The Transformation of Drawing


'Selim Koder Selim Koder

The institutional frame of architecture has never changed. The frame, through which we read and understand architecture, has been stable throughout the history of architecture. Other disciplines have seen changes and evolution of their institutional frames, such as the development of the word written on the walls of a cave and becoming a fraction of a byte on a computer disk.

As for architecture, the institutional frame is more operative than that of writing, operative in the sense that it affects the way in which meaning is received from architecture.

Architecture argues for an interiority, that of a real physical nature. One occupies architecture for many different types of uses such as symbolic uses where a conceptual relationship develops between the use of a thing and its symbolism. This duality constitutes the instrumentality of architecture, which has changed a little over time and in turn institutionalized itself in such a way that we assume in reading architecture today that the institutional frame is the natural.

Now how do we do it? If we consider the formal layer of architecture as its aesthetic and instrumental, then the conceptual layer becomes the abstraction of the formal. The conceptual is the idea of the formal.

Here we are talking about a third layer, which is the textual, the possibility of architecture to portray in the object itself its process of being made. The textual, which is the trace, becomes part of the interiority of architecture. Textuality as the marking of the conceptual condition is therefore always a secondarity. For example, an iconic system would be a formal system and an indexical system would be a textual system.
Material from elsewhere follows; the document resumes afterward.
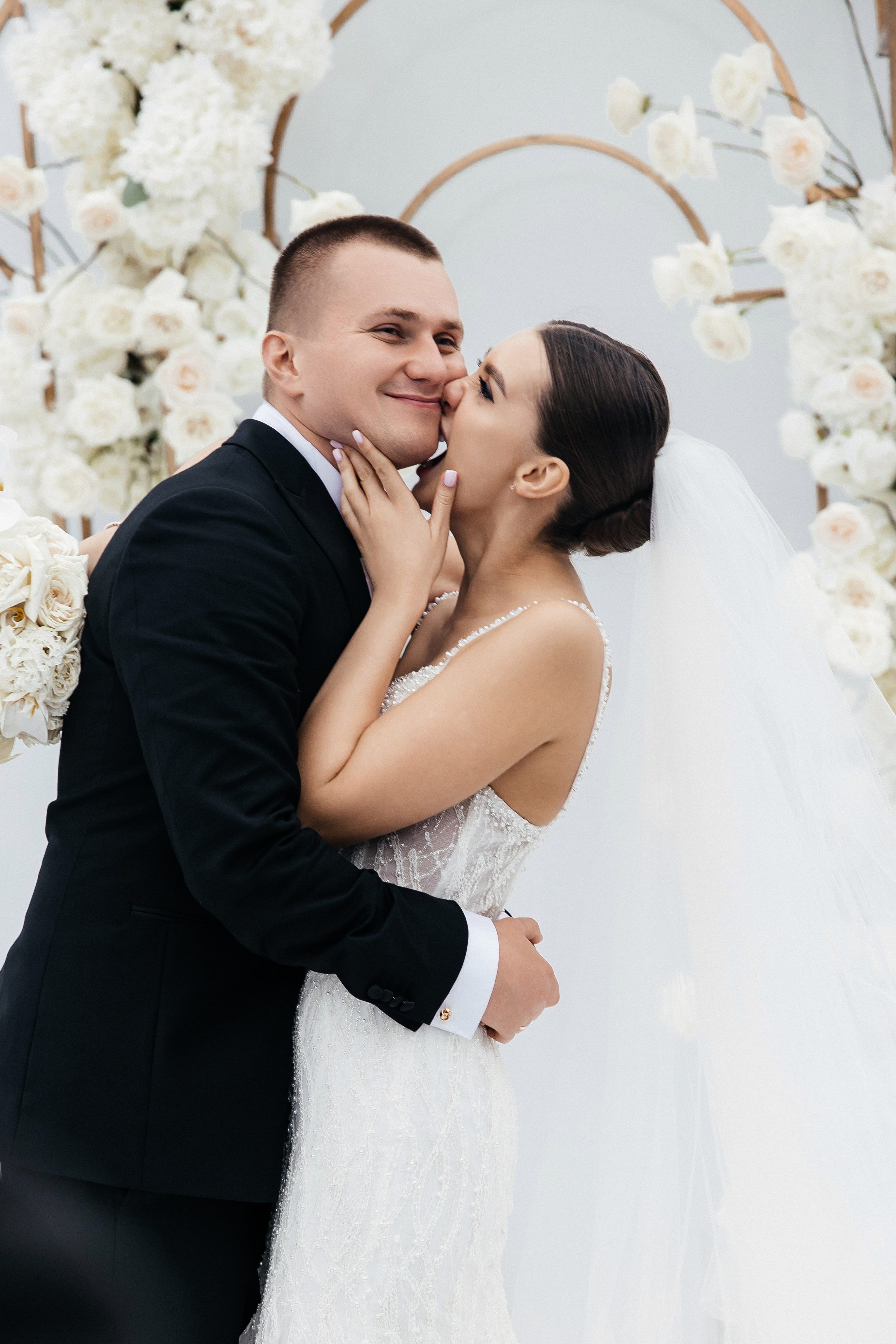 Полина и Александр. Свадебный и женский фотограф Рязань Москва Елена Епифанова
The formal system usually represses the indexical or the secondary system. It is a secondary system because it depends upon an absence or a condition of process, that is a condition of non-stasis, that is a movement from one condition to another. And so if we were to move away from phallogocentrism in architecture, inevitably we're going to move away from the notions of presences, to a secondarity as a textual. And so as long as the relationship of both sign and being, that is the instrumentality of the column remains dominant that is undisplaced, no other possible writing strategy can arise. What we are proposing here is that the relationship between sign and being cannot be dominant, it has to be relaxed.

Achieving the textual level, such as allowing the computer to register or mark a certain level of inscription, is going beyond the instrumental and trying to open it up. Then you might have a possibility of inscription. Presentness can only be sustained by this intensity of inscription, because presentness is an aura that is outside the aura of the instrumental, outside the aura of the conceptual.

And so we are talking about an architecture transformed as we see it through the digital environment. This environment is helping us register changing impressions by entering the shell of architecture and stamping it, making it appear different at different times. So that there can be a kind of being – that is an interiority which is only a condition of between, that is, between the thing itself and the trace of that thing. And that this condition is neither the thing nor the thing that is being impressed, but rather the condition between the two. It is this contingent condition – the interstitial condition which marks the possibility of an other space of architecture – that is between a presence, a wall, a column, a surface, a facade and a void that is the negative of that solid. We have always read architecture as a dialectical condition of positive or negative, figure or ground. But we have never measured architecture as this contingent space, this possible interstitiality between solid and void, between interiority and exteriority, between facade and space.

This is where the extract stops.